The first episode aired last Tuesday, with the second to air at 9pm tonight, August 24, when a body is found on a boat drifting in the Clyde. The case takes the team to the Isle of Bute, where a dark secret is uncovered.
Annika co-stars Jamie Sives (Guilt), Ukweli Roach and Katie Leung (Cho Chang in the Harry Potter movie series).
Annika began life as a radio series, which Nicola starred in for six series, and she explains: ‘Nick Walker, the writer, is brilliant. I love the way his brain works. He has a very unusual take on drama. I’d worked with him before in 2010 on the Radio 4 drama Lifecoach with Stephen Tomkinson.
‘So, when he told me he had come up with another radio drama called Annika, it was one of those moments where it was a yes before he’d even sent the script!
‘I love the radio series. It was set in a world of crime, which we all understand, but Annika’s angle on it was very different. It took place in Norway and was very idiosyncratic.
‘She was living in her head with a dozen different characters. You only ever heard her speaking. I’ve been in Annika’s head for seven years now, and it’s a very unusual place to live!’
Nicola was keen to stay on board when Nick said he was adapting the series for television: ‘A: Absolutely. As everyone knows, I’ve played a lot of detectives over the years. But I’ve been Annika a long time now, and if there was a chance of getting her fully fleshed out in a real-world environment, I wanted to be part of it. I was very keen to see how she worked transposed to life in Scotland.

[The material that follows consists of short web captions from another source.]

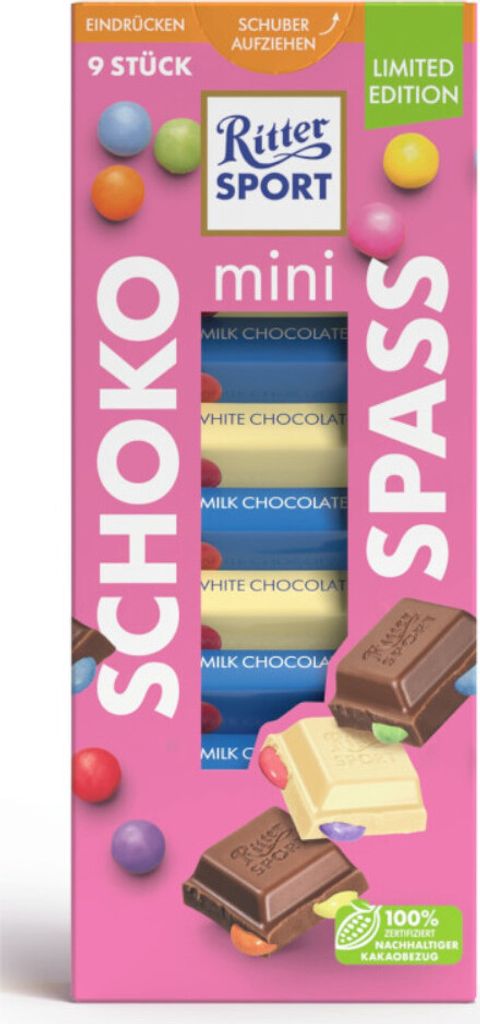 A pink box of Ritter Sport mini chocolates with colorful chocolate lentils.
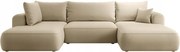 Rohová sedacia súprava v tvare U Olivo U (L) (béžová stredná čierna)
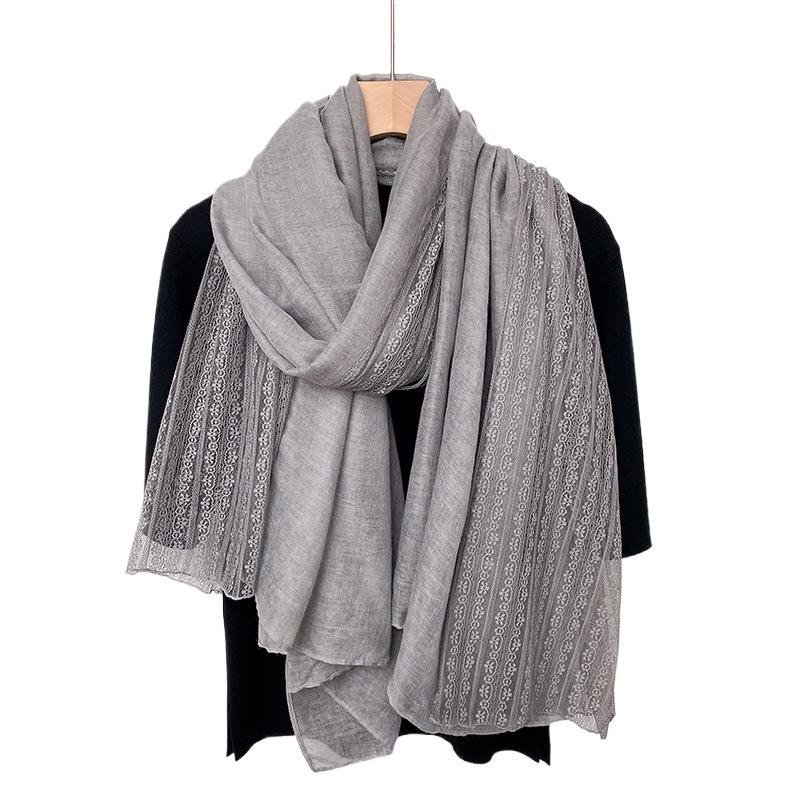 Spring and Autumn Lace Line Long Thin Scarf Japanese and Korean Women's Fashion Solid Color Shawl High-end Cotton and Line Scarf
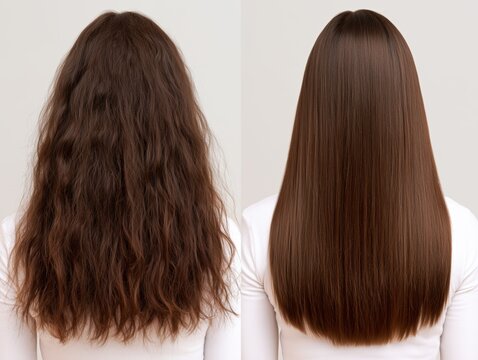 Before and after nanoplasty hair treatment comparison. Frizzy dry hair transformed to smooth straight shiny healthy hair on white background.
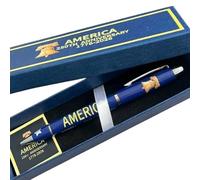 DuoZanthic 250th Anniversary Commemorative Ballpoint Pen Of Stainless Steel USA 250th Anniversary Of Pen Navy Blue Exterior, Black Badge Pens For Men Writing And Collecting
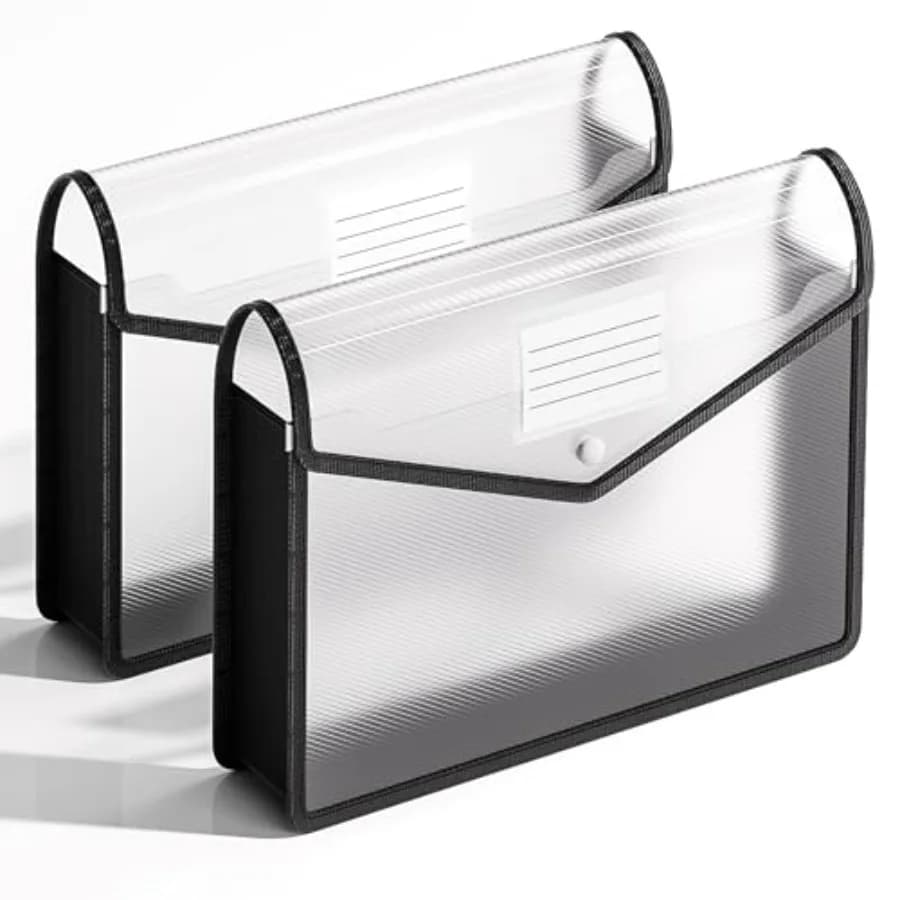 2 Pack Plastic Expanding File Folder, Transparent envelopes with Snap Closure, Fit Letter/A4 Size for School/Office/Home/Hospit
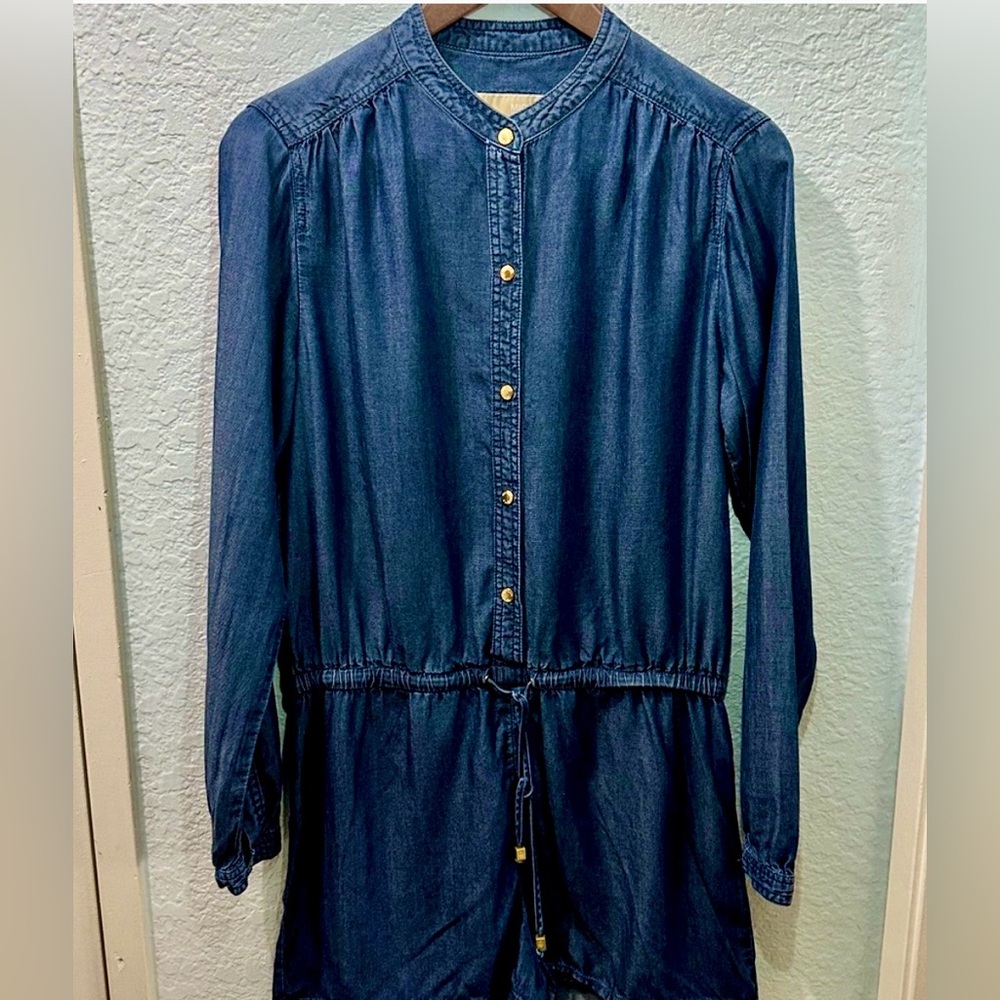Michael Kors American Icon Chambray‎ Dark Denim Romper Jumpsuit Lightweight M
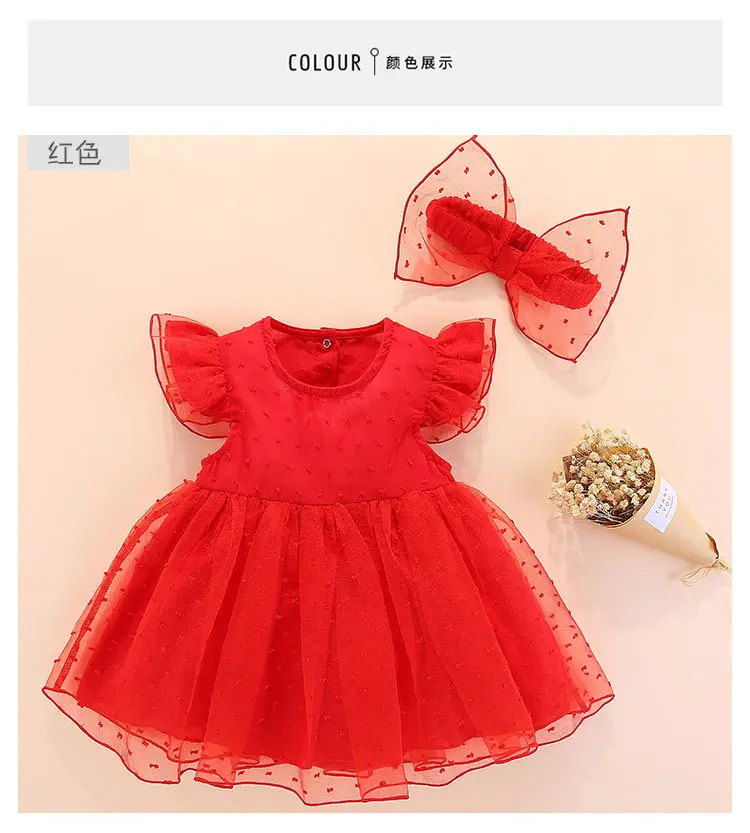 summer newborn baby dress princess style red white cotton lace baby dress wedding baptism baby clothes for baby birthday party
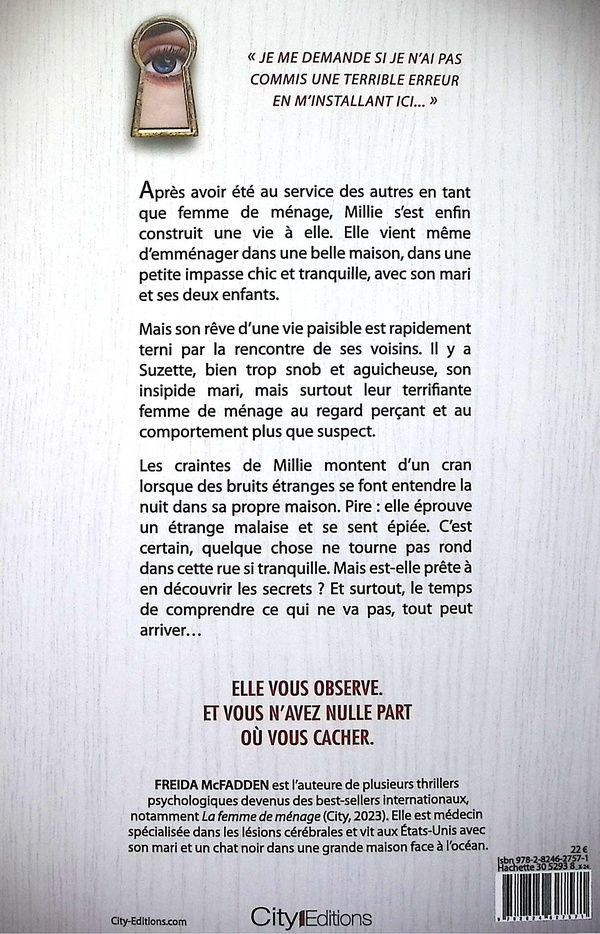 Quatrième de couverture de « La femme de ménage voit tout »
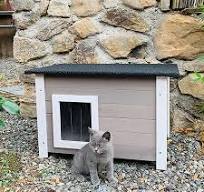 Maison Isolées pour Chats D'extérieur, Niche pour Chat, Maison pour Animaux  de Compagnie Résistante aux Intempéries et Chaude en Hiver, Maison Lapin :  ...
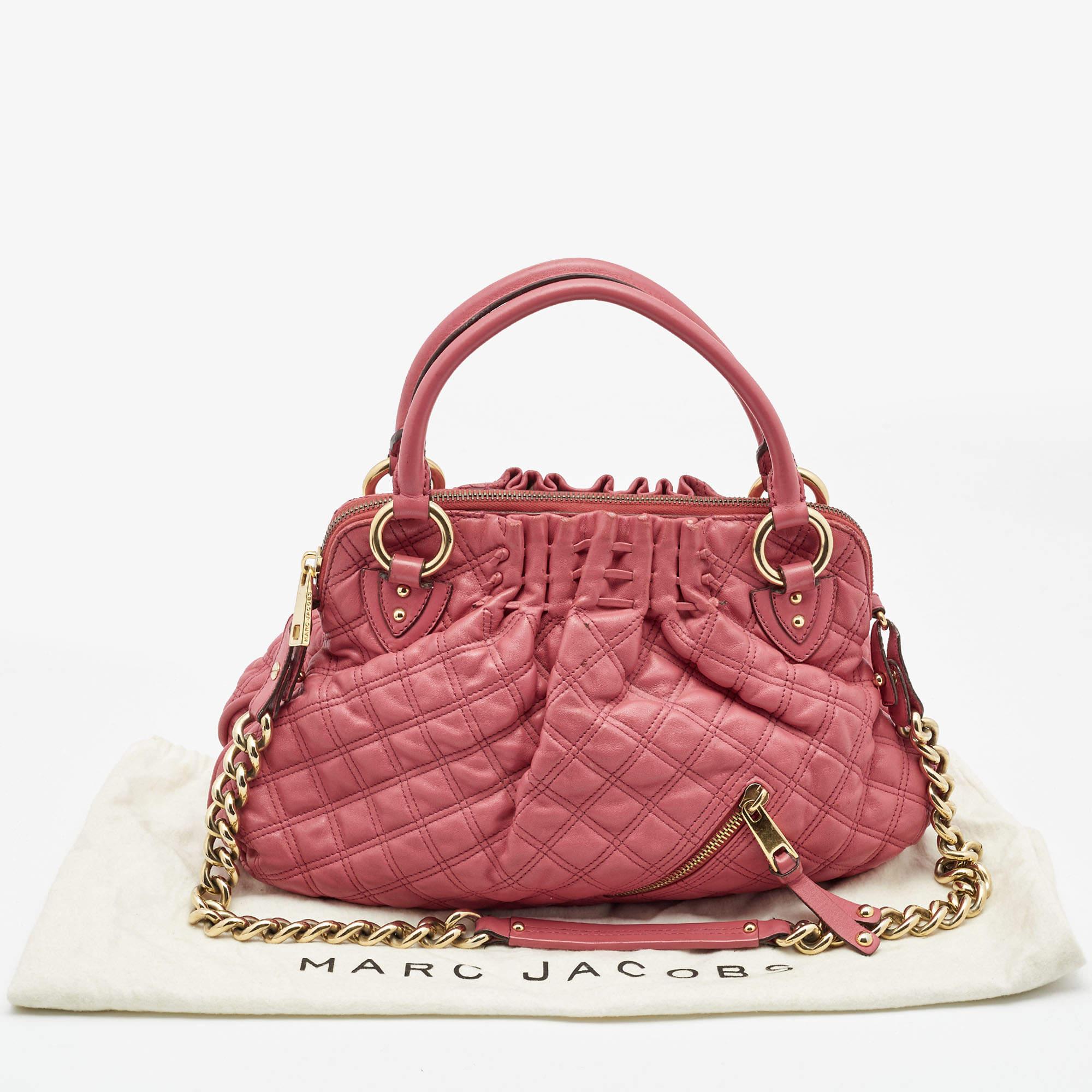 Marc Jacobs Pink Quilted Leather Cecilia Shoulder Bag For Sale 2
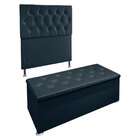 Kit Cabeceira E Calçadeira Baú Solteiro 0 90m Madrid Suede -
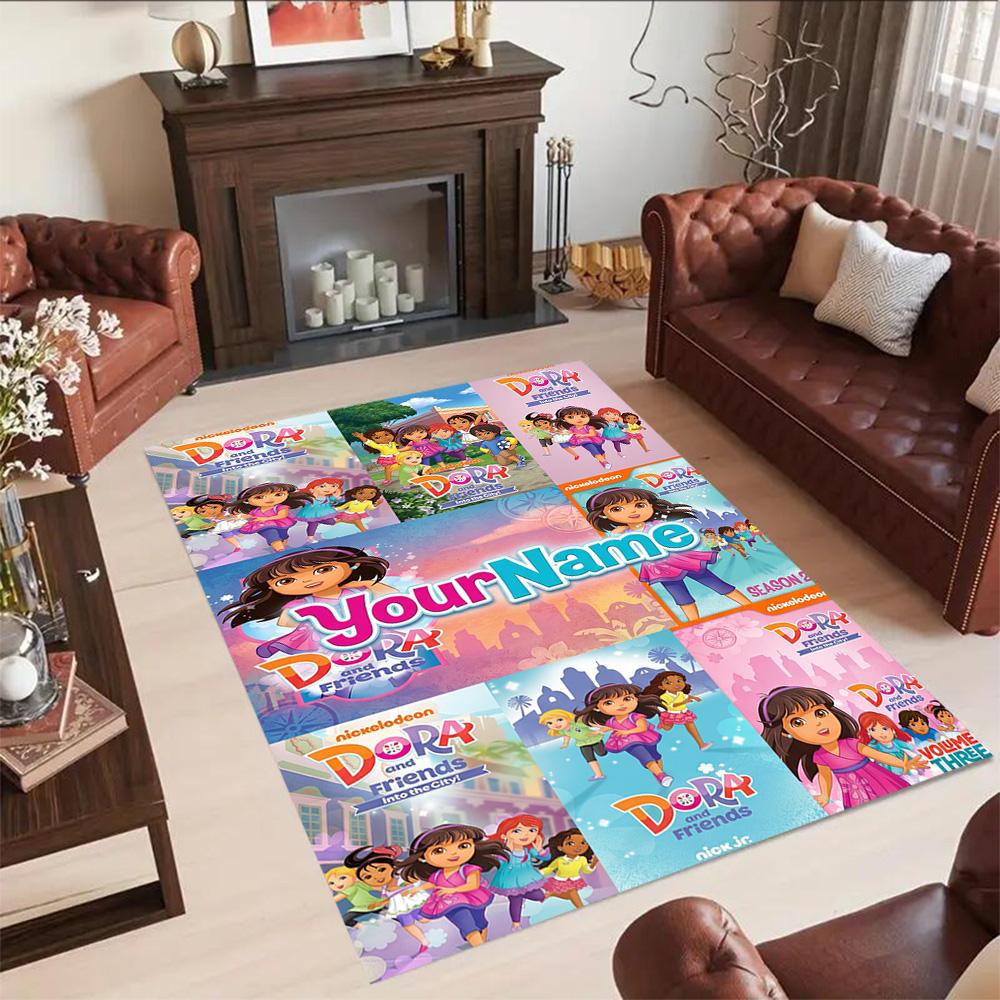 Dora Explorer Personalized Name Floor Mat Perfect for Game Room Playrooms Outdoor Entryway Anti-slip Rug Decorate Offices Birthday/Christmas Gift
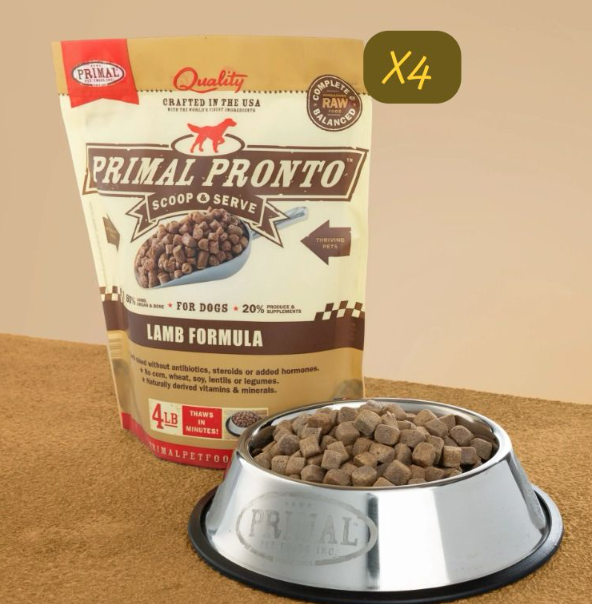 PRIMAL Pronto Frozen Meat Dog Food Lamb Formula 4lbX4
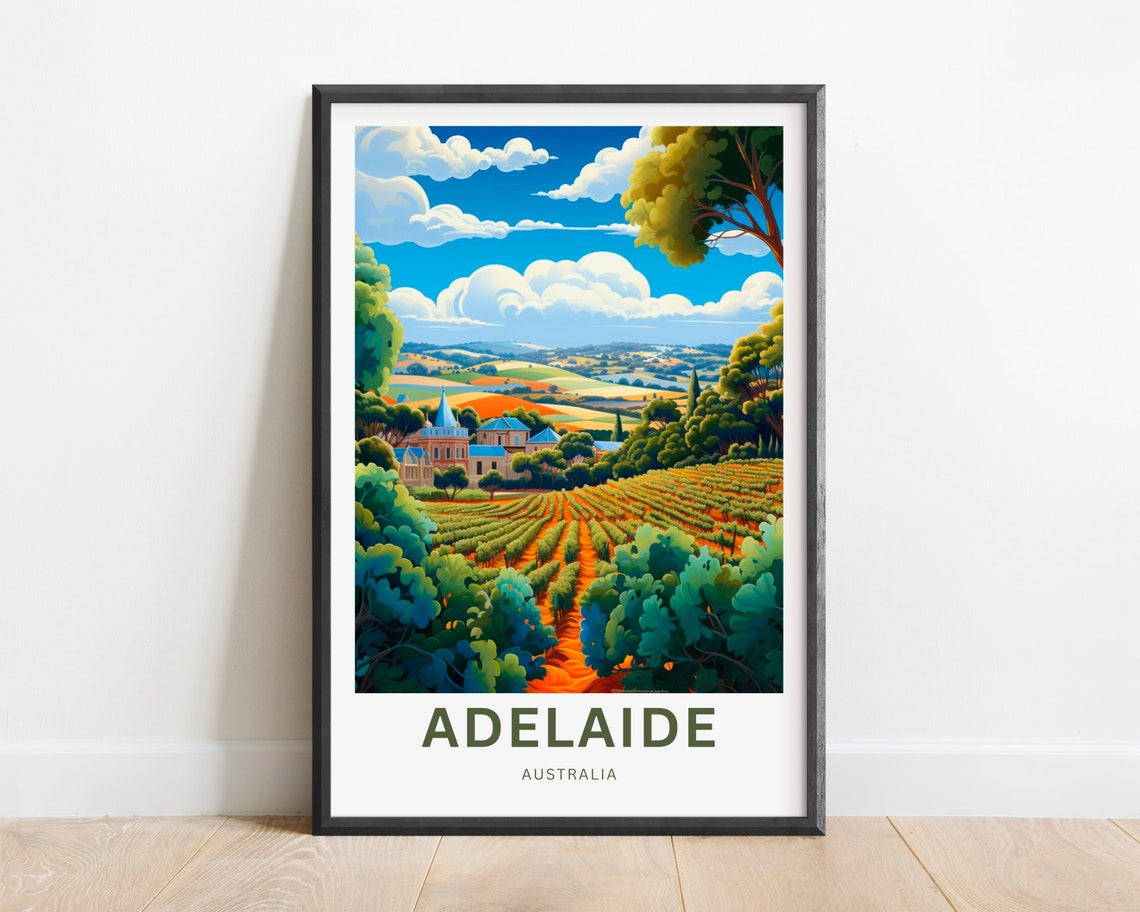 Adelaide Australia Rolling Vineyard Country Church Travel Poster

‘When he started talking about a television series, my first question was, how would you populate the world which has previously only been in Annika’s head. Nick said immediately, “we’re going to break the fourth wall!” So, she still has Norwegian heritage, she is still an outsider, and she still has a different way of coping with life and work, but the hook is the fact that this is the only detective series where the audience is the silent sidekick. We are in cahoots with her.
‘With most characters there is so much subtext. But there is no subtext with Annika because the subtext is her talking directly to you and telling you what she feels. By the end, we are going to know her as well as she knows herself.’
Shooting Annika took place during the pandemic, which Nicola admits was a stress.
She admitted: ‘Yes. It felt like the biggest leap to make it during Covid. Scotland went into lockdown while I was on the train up there from England. I thought, “can life get any more surreal?” I was terrified of the
logistics of filming it during lockdown, but it very quickly became apparent that we could make it work. Nothing ventured, nothing gained.
‘The main challenges were the collective concerns of making sure everybody felt safe. That was done really well. There was continual testing. The pandemic also meant that we couldn’t shoot certain scenes in the way we wanted, so we just had to find ways around that.
‘The strangest thing was being in lockdown in Scotland without any of my family. Not seeing my family for three months was strange. It was a solitary experience on a job that is normally incredibly sociable. But the main thing was, I knew we were all safe. At the end of every day, I thought, “okay, that’s another day done, and everyone is safe”.’
Annika is on Alibi at 9pm each Tuesday.